There was and would be no comfort, but alongside the weight that made it hard to breathe, alongside this new, permanent pain, came something light and cool, lovely.

—You don't want to rush into something like that, he had said, smiling.

S
ome people didn't know there was a primary; some didn't know that as Democrats—nearly everyone in this neighborhood was a Democrat—they could vote; and a few didn't know who was running against Jimmy Carter. When he said it was Senator Kennedy—Teddy Kennedy—they had seen that on the news, they now recalled, but one woman said, holding up her hand to block the offered brochure, I wouldn't vote for that scum. What he did to that girl!

—He isn't perfect, Harold conceded. None of us is perfect. He's strong on gun control. He'll deal with the economy. Get the hostages out of Iran—

Harold tried to keep the brochures from flying away as he walked down her steps and farther along the block. The next man was voting for Kennedy because Carter was bad for the Jews. Harold didn't think Carter was bad for the Jews, even though the United States had voted against Israel on the issue of Israeli settlement in occupied Arab lands, but he agreed because he was glad to mark down a
1
. Nobody answered at the next three houses, and then a woman said she was voting for Carter because everyone knew Reagan would get the Republican nomination, and Carter was more likely to defeat Reagan. She quoted a poll Harold didn't know about. Carter would beat Reagan 63 percent to 32 percent. Kennedy would beat him too, Harold noted.

—But not as definitively, she said. The main thing is, Reagan has to lose.

—You don't think Ronald Reagan is a serious threat, do you? Harold said. She was a rumpled, brainy-looking woman, maybe in her fifties.

—Of course he is, she said. The only thing that matters is to defeat Reagan. He's an idiot. Did you hear about that joke?

Harold had heard about the joke. On the campaign bus, Reagan had told an ethnic joke:
How do you tell the Polish one at a cockfight? He's the one with the duck. How do you tell the Italian? He bets on the duck. How do you know the Mafia is there? The duck wins.
Edwin Meese, his political adviser, had said, There goes Connecticut.

—People will see through Reagan, Harold said.

—No, they won't. Kennedy won't ever be president because of Chappaquiddick. Who wants to win now so we can lose in November?

—But if you could just choose your favorite, Harold said, it would be Kennedy?

—Yeah, she said. It would be Kennedy. She took a brochure and closed the door. He put her down as a
3
. Next came a man who said, I hate Kennedy, but I'm voting for him because I hate Carter more. Harold looked at his watch. He had promised to meet Naomi at her old apartment. She had moved out, but there were little things to do. Real estate was getting so expensive they had despaired of finding an apartment where they could live together comfortably, but at last they had found a co-op apartment they could afford.

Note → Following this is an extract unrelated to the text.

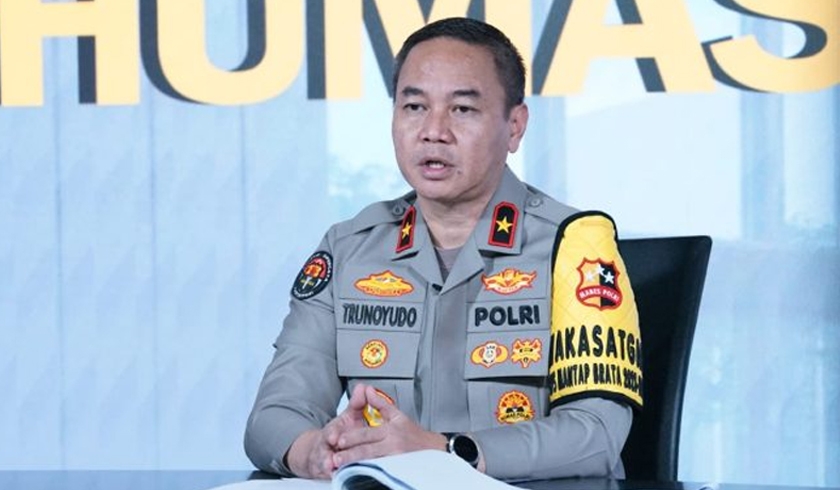 Persiapan Polri menyambut HUT ke-79 RI di IKN. Foto: PMJNews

Harold had now lived there for a month and Naomi for a week. He could hardly believe that something in his life, at this late date, could be new and yet good—a gain, not a loss. They were to be married the next day: Sunday, March 23, 1980—two days, as it would turn out, before Kennedy won the New York primary—and at first Naomi had said he had no business volunteering for the primary the day before his wedding. Then she relented because the wedding would be so simple. Really, there was nothing to do.

He quit early, tired, and took a cab to her old place. She was cleaning the kitchen. The furniture was gone, and he didn't know how to help but couldn't sit down. He stood and watched her. Her hair had grown back, dark gray, spiky, charming. I should help, he said.